There’s a fine line between love and hate. Everybody wants to listen to rap and hip hop music, but nobody wants to be racially profiled or shot by the police. We live in a world where the Kardashians represent “perfection,” but where do we draw the line between culture appropriation and culture appreciation?
The boundaries are simple: don’t wear a Native American headdress if you are not Native American. Don’t ever say the N word. Don’t embrace someone’s culture only to disrespect it behind closed doors. The fact that we must gather a list of dos and don’ts shows just how saturated today’s society is in the glorification of oppression. Feel free to express yourself, but refrain from doing so in a way that could potentially hurt or offend someone else’s culture.
This doesn’t mean that one cannot wear braids if she isn’t black, nor does it mean one cannot eat enchiladas if he isn’t Mexican. It simply means that to disrespect someone’s culture is wrong. The controversial new show on Netflix titled Dear White People does a great job of exploring and shedding light upon these common themes that are rarely discussed and often overlooked in today’s society.

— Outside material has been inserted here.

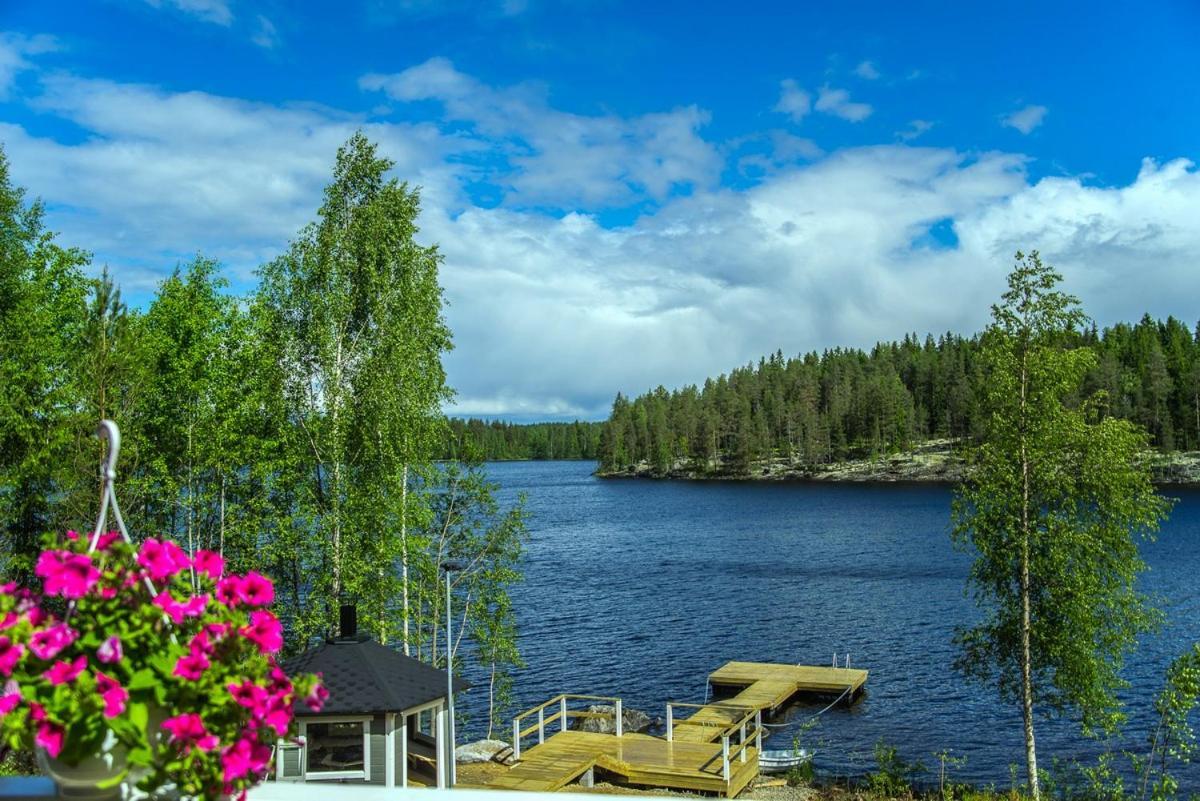 Gerika 1 Villa Enonkoski Exteriör bild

American society tends to revolve around trends. One minute everyone is wearing Thrasher, the next every girl at school has Adidas All Stars. Why is it that the girl who wears sneakers with three stripes is socially acceptable, but the girl who wears chanclas gets made fun of? I’m not going to pretend like I’ve never worn Henna or eaten Pho, but I’m also not going to pretend like I’m Jewish just because I saw the HYFR music video.
Let’s keep in mind the most judgemental tend to be the same people who listen to rap music, eat burritos, and have statues of the Buddha in their home. Are you as confused as I am? The last time I checked, until a Caucasian posted it on social media, all those things were an underappreciated part of a minority culture. Sorry to burst your bubble my brothas and sistas, but Kylie Kardashian did not invent cornrows. American popular culture revolves around the objectification of minorites’ cultures.
You can have your backyard barbecue because quinceañeras and bar mitzvahs is where it’s at. It’s okay to embrace other cultures; just be sure to respect everyone’s heritage.